_Exercise data_
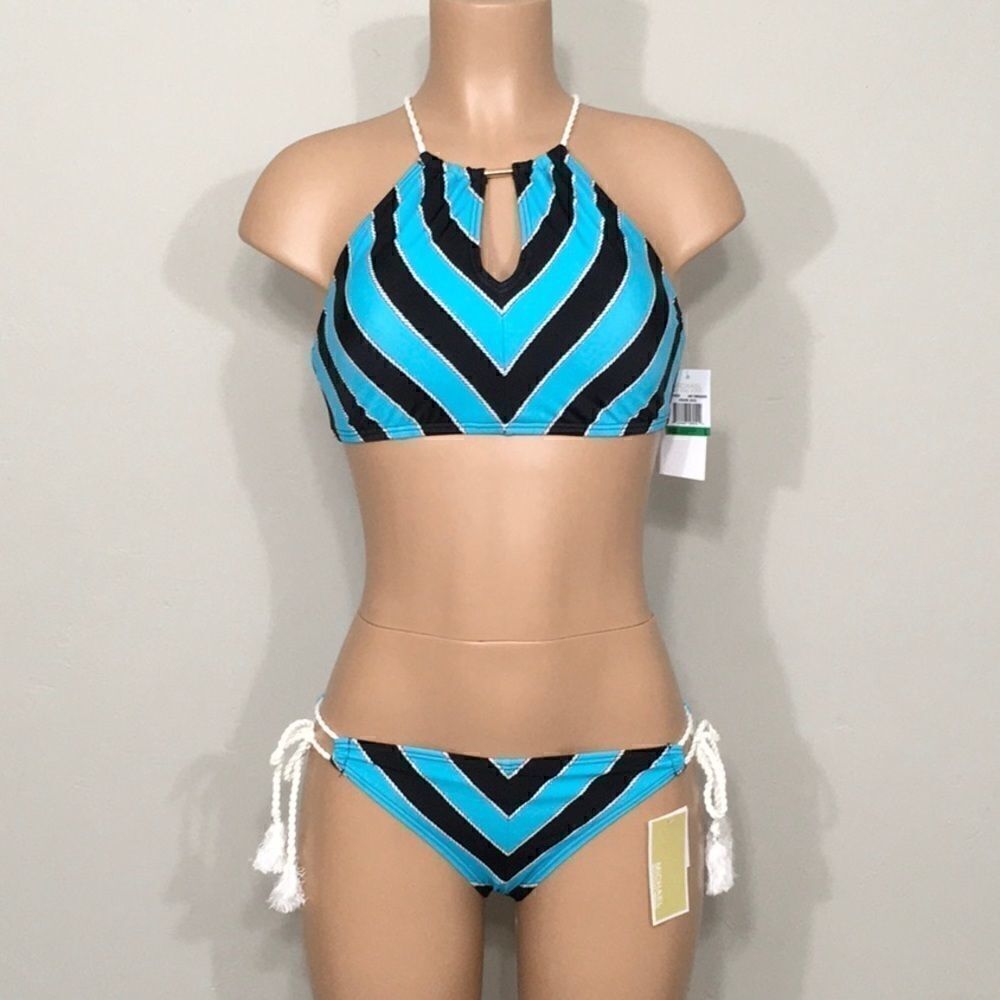 Michael Kors nautical rope stripe bikini. S-top/M-bottom. . NWT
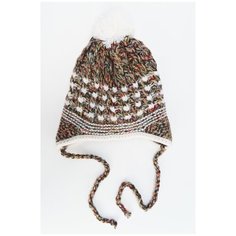 Шапка-ушанка Marhatter размер 52-54, белый/коричневый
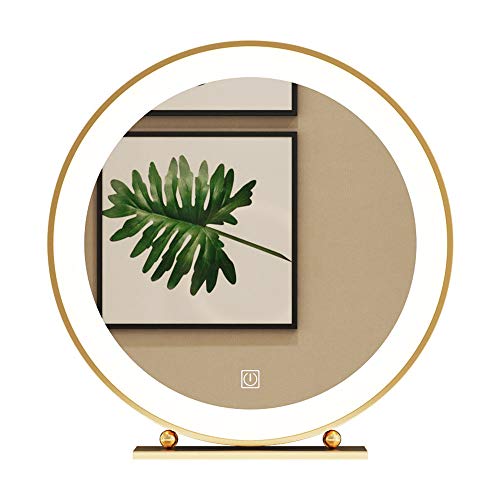 Schminkspiegel Mit Beleuchtung, Schminkspiegel Gold Runder Badezimmerbeleuchtung Spiegel Spiegel Touch-Schalter 50 cm Durchmesser zum Schminken Und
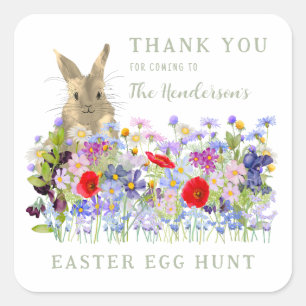 Easter Bunny Floral Egg hunt Thank You Square Sticker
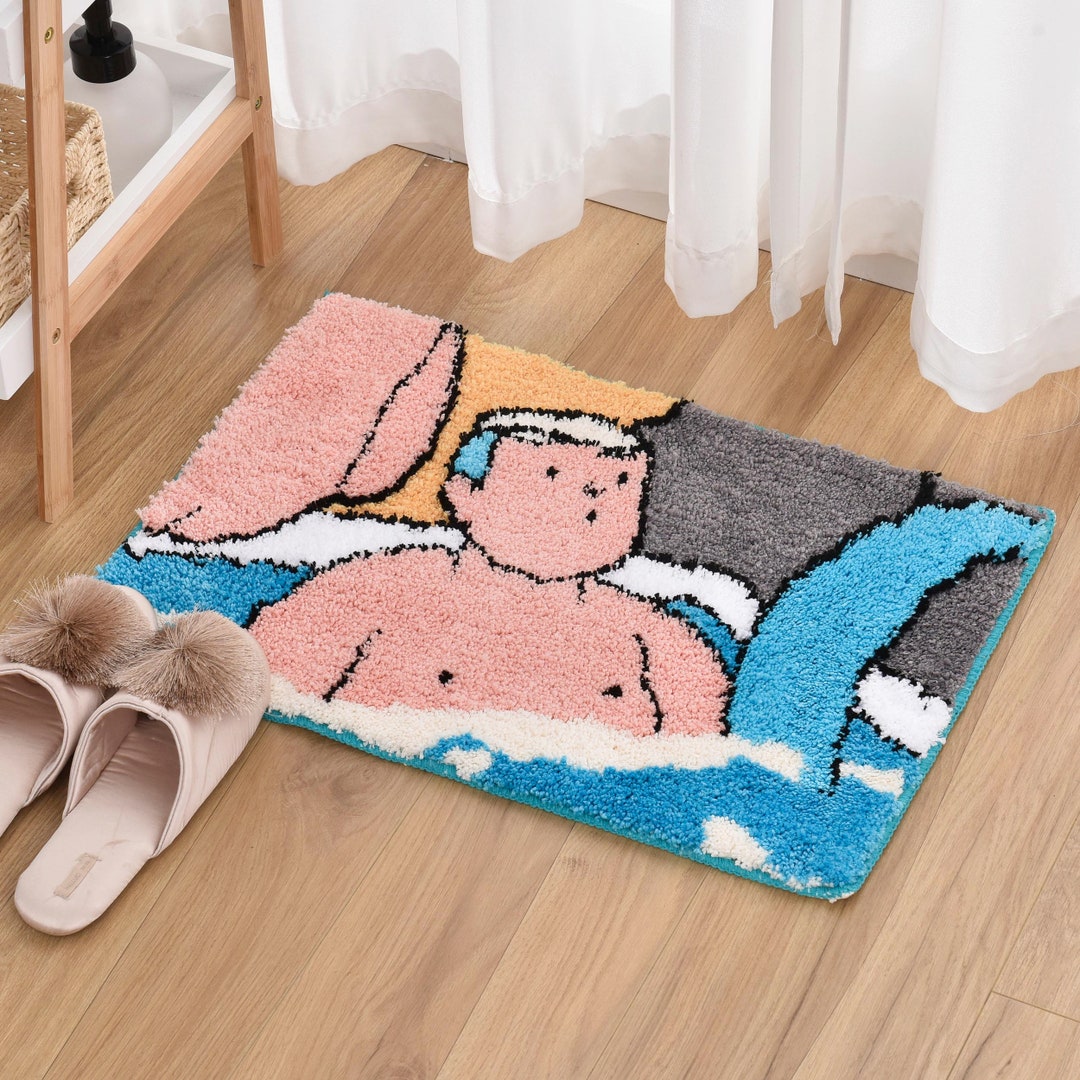 Japanese Anime Mat for Bathroom Funny Manga Bath Mat Hot - Etsy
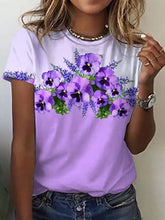 Women's Purple Flower Alzheimer's Awareness Support  Casual O-Neck Tee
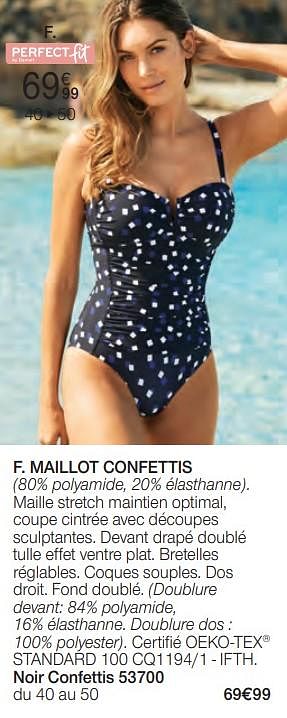 Promotions Maillot confettis - Produit Maison - Damart - Valide de 01/05/2024 à 30/06/2024 chez Damart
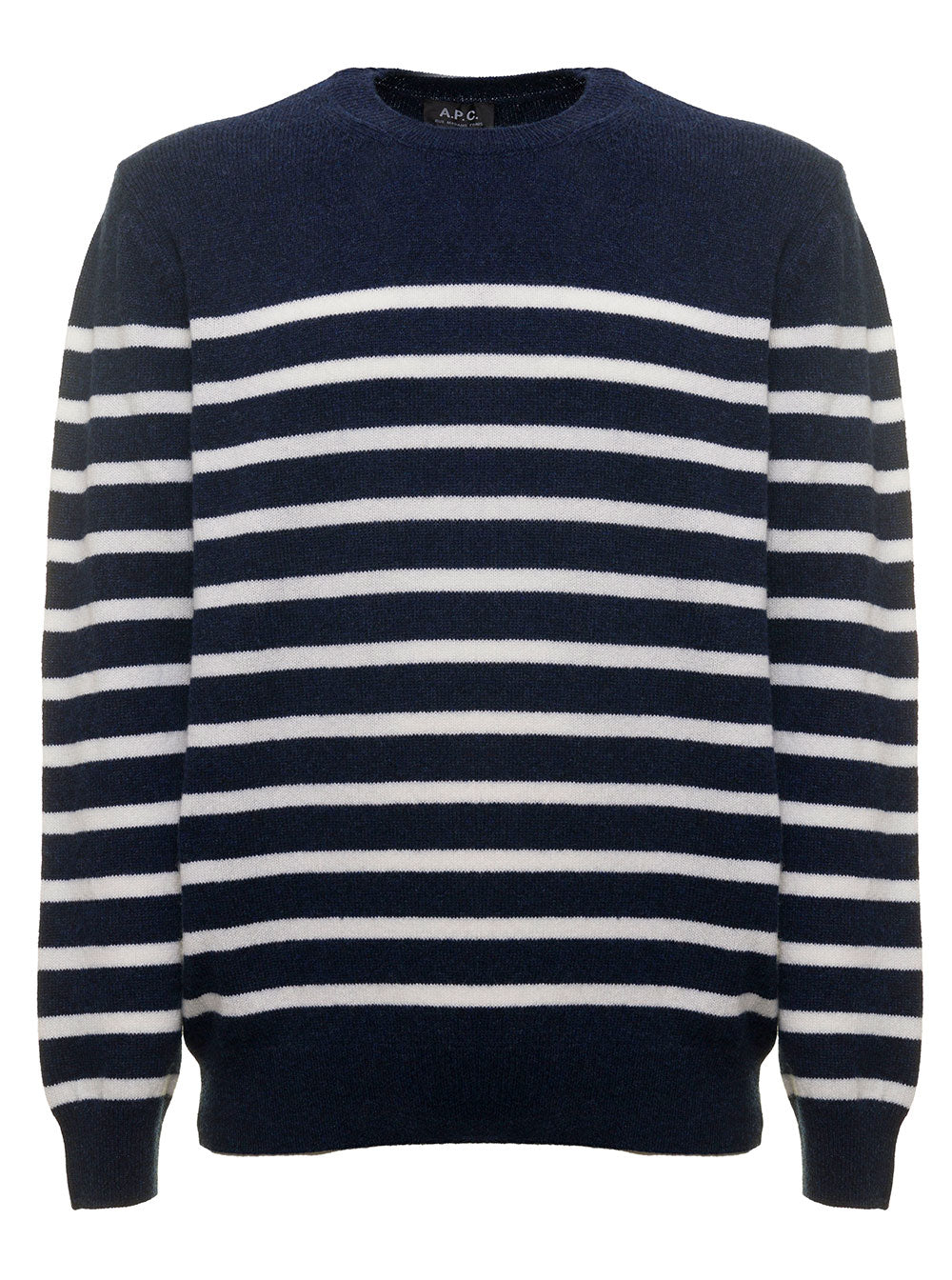 A.p.c Mens Striped Cotton And Wool Pullover Blu Jersey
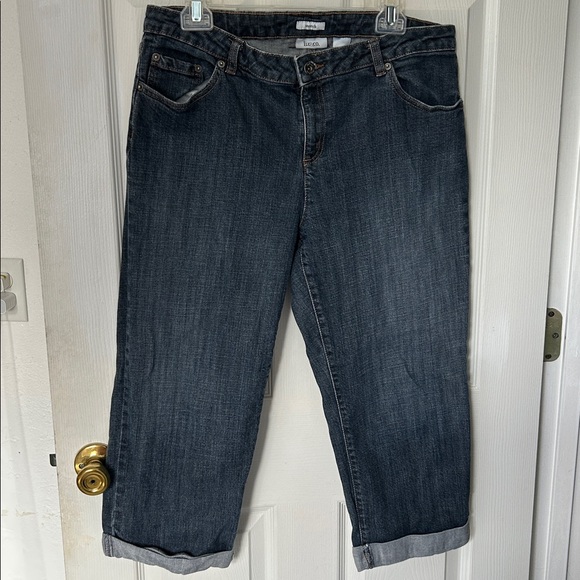 Liz & Co. Dark Blue stretch capris denim Jeans with cuffs size 14 - Picture 12 of 14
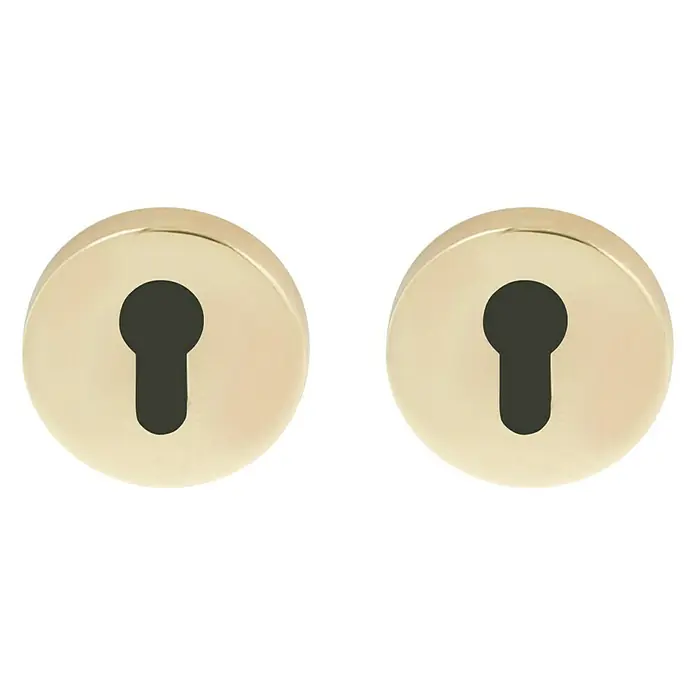 Diamond Doors Schlüsselschild - Profilzylinder, Messing-Optik - Nahaufnahme von zwei goldenen Schlüssellöchern.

_Problem requirements_
Copy exactly, please, the lines that run from the line holding "A.p.c Mens Striped" through the closing line of the material above, omitting every picture.

_Answer to the exercise_
 A.p.c Mens Striped Cotton And Wool Pullover Blu Jersey
 Liz & Co. Dark Blue stretch capris denim Jeans with cuffs size 14 - Picture 12 of 14
 Diamond Doors Schlüsselschild - Profilzylinder, Messing-Optik - Nahaufnahme von zwei goldenen Schlüssellöchern.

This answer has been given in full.